The example above assumes that the firm has surplus cash. But what if that's not the case? If we assume no change in investment policy and capital structure, then the only way to raise more cash is to issue new shares. But this method can dilute the ownership percentage of existing shareholders. Still, there is no change in shareholders' wealth, because the capital loss from dilution is offset by the extra cash received as dividends.

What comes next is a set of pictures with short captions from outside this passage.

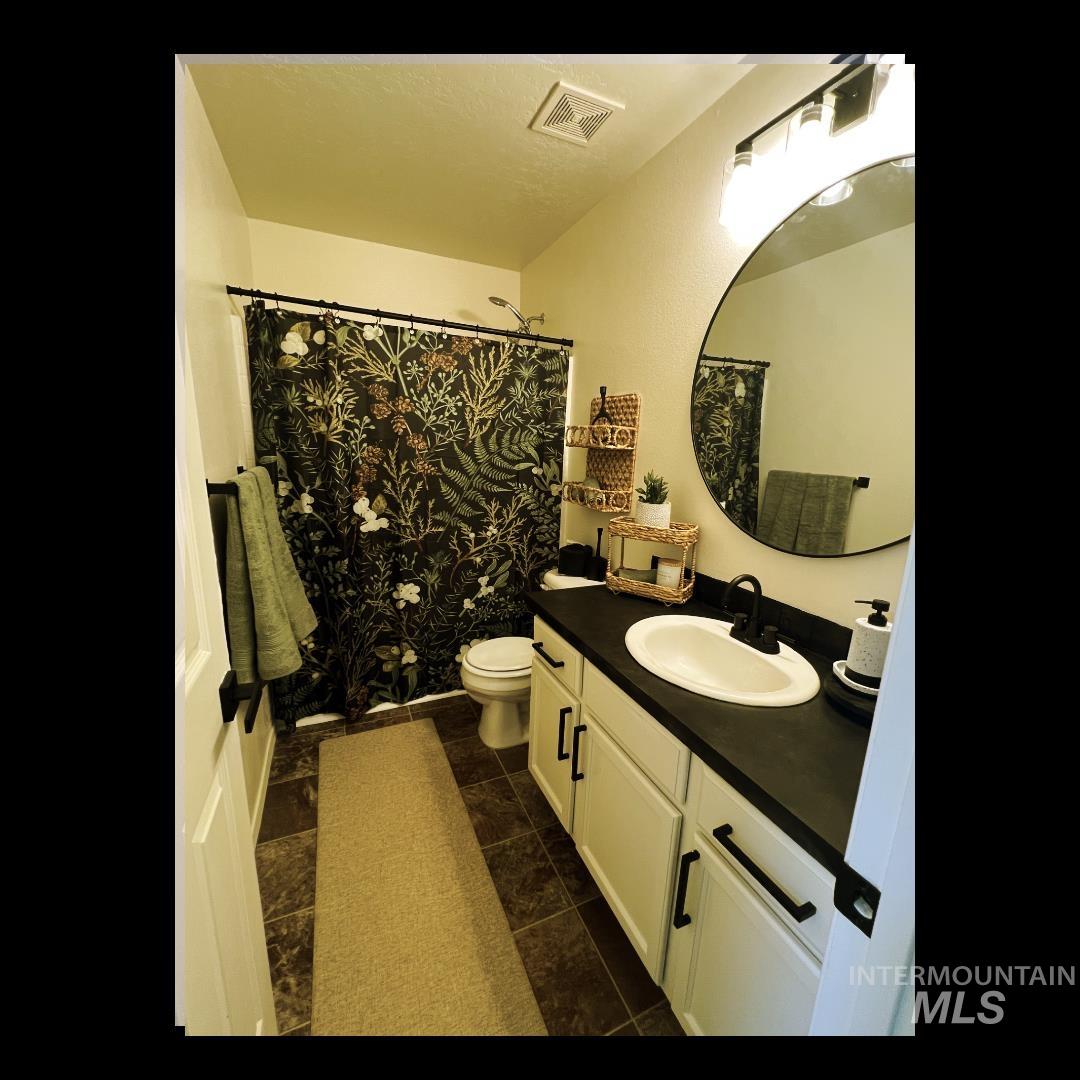 Full bath featuring vanity, dark tile patterned floors, a shower with shower curtain, and a textured ceiling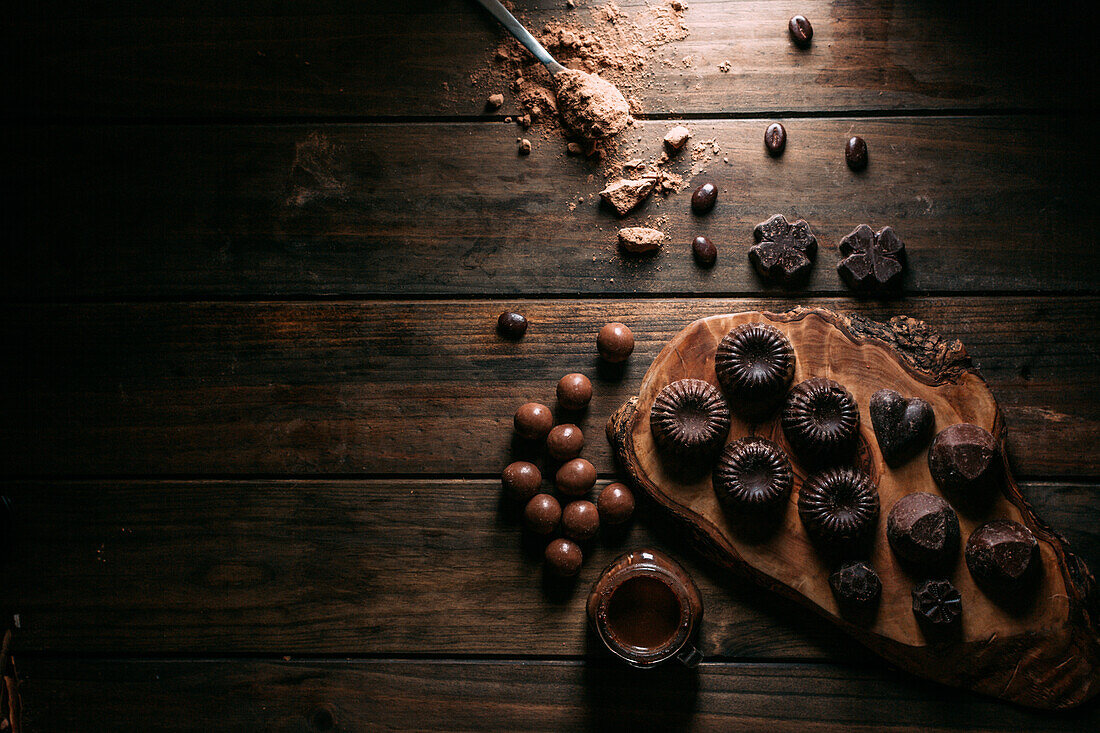 Leckere handgemachte Pralinen auf einem Schneidebrett in der Nähe eines Mousse-Glases in der Küche (von oben)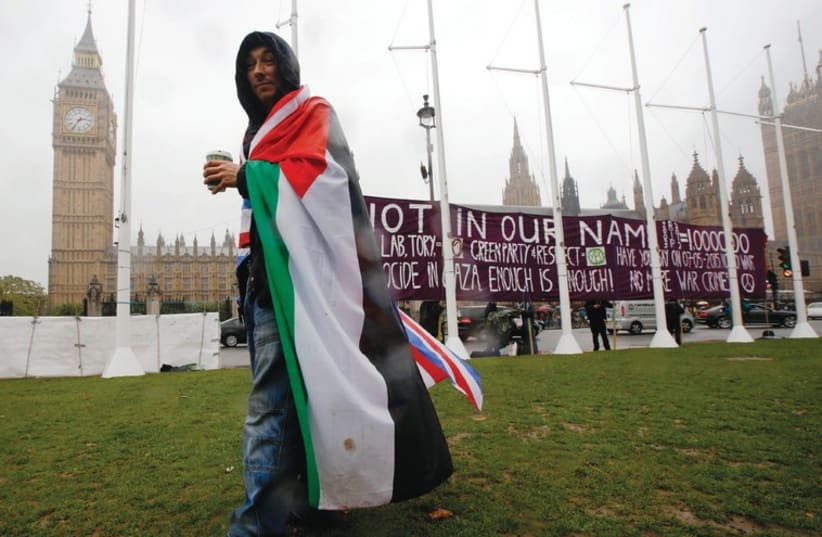 A Palestinian supporter wears Palestinian and Union Jack flags outside the Parliament in London during October's vote on recognizing a state of Palestine (photo credit: REUTERS)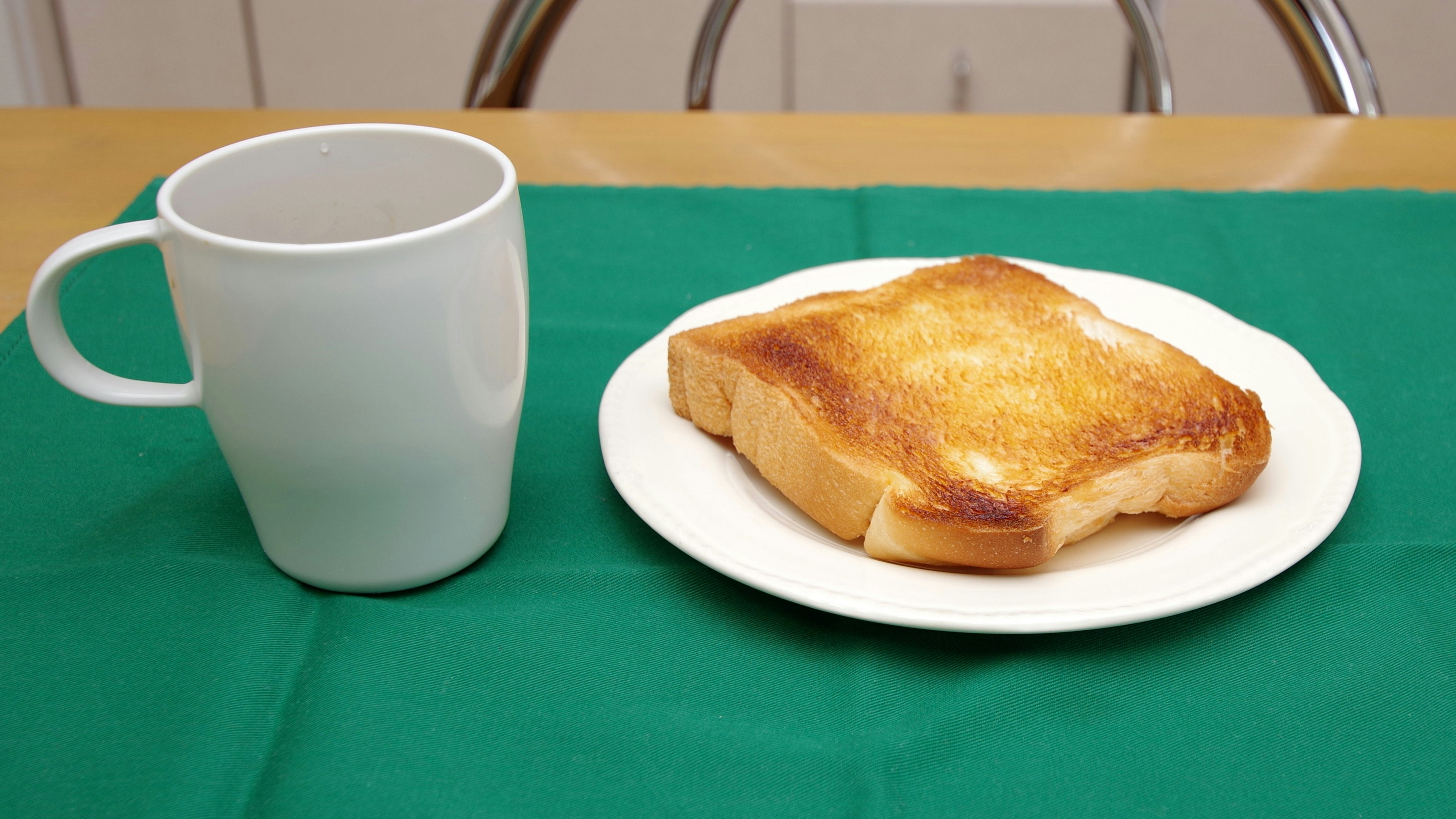 Tostada en un plato blanco junto a una taza azul claro sobre un mantel verde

In theory, management and shareholders should be indifferent between dividends and share repurchases. But this may not hold in practice, where considerations such as taxes, transaction costs, and signalling effects come into play. For instance, capital gains taxes are treated differently from dividend taxes, though the exact difference depends on the specific tax code of the country in question. Management may prefer one over the other for signalling reasons. They may also prefer repurchases to remain flexible, or they may prefer dividends to discipline themselves from careless spending. The same rationale applies to shareholders: some may prefer dividends for the regular income stream, while others may prefer repurchases for the tax advantages.
Although payout policy does not affect shareholder value: it doesn't matter whether a company pays dividends or buys back shares, it does matter when a company decides to pay out its surplus cash. Young firms may be more inclined to reinvest their cash in growth opportunities, while mature firms may be more inclined to pay out their cash to keep their stock prices strong and stable. The following questions can help management decide when to pay out cash:
One worthy mention is opportunity cost. Companies that are cash rich but have no positive NPV projects may be better off paying out their cash to shareholders, who can then invest it in other companies with better growth prospects. Regularly paying out cash is also good corporate governance practice, as it signals to investors that the company is well-managed and has their best interests at heart.